STPR is a unique event. The roads are very fast and challenging and it is a very long event with 130 stage miles and 170 transit miles in a one-day rally. First-car-out was due at 10:30 and it would be well after 2am before the last crews got to the final MTC in Wellsboro.

The rally totals 10 stages in three sections. Four initial stages then a break in town before we head out to a loop of three stages. There are run twice, once during daylight, and then again after dark. The roads are typically fairly smooth and fast, with lots of blind crests and trees tight to the road, there was very little margin for error on most corners.

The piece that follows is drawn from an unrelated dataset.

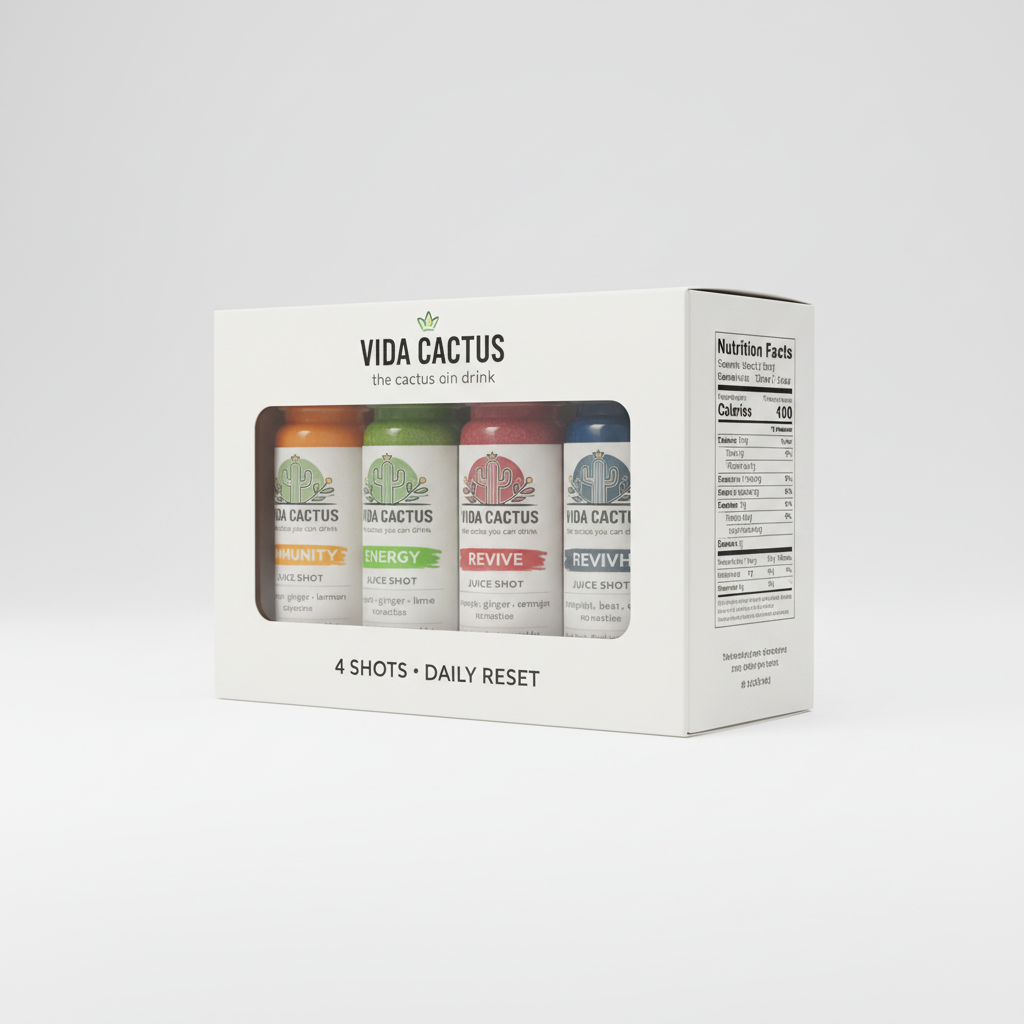 White 4-Pack Box with Visible Shots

Saturday saw steady rain; this caused the cancellation of the first planned stage. This stage includes a ford at the finish; the water level was determined to be too deep at around 50cm so the stage was replaced with a short 3.5-mile stage.

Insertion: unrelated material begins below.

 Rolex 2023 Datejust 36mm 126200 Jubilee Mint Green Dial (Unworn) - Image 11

The road was very slick and we were just feeling our way, I made a stupid error and turned over two pages in the stage notes. The stage could have gone better and we dropped a few seconds to the car we felt was our main competitor, Doug Shepherd in the Works Dodge. On stage 1 we saw Lovell pulled off on the side of the stage after a mechanical failure.

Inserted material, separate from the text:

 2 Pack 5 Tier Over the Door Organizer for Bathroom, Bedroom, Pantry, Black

Stage 2 had a very similar surface and the rain showed no signs of easing off just yet. The stage felt a lot faster in the car, and our times when compared to our competitors shows that we were getting into the groove.

Stages 3 and 4 were very fast stages with a couple of very long straights. We saw Shepherds works Dodge along side the road on SS3, he had hit something solid and knocked off a rear corner and was out of the event. Again we took a few seconds from our class competitors.

After SS4 we headed back to Wellsboro for a break and a chance to service the cars. We had no real problems and service consisted of installing the lights and refilling the windscreen washer fluid. Also to make life better for everyone the rain had stopped.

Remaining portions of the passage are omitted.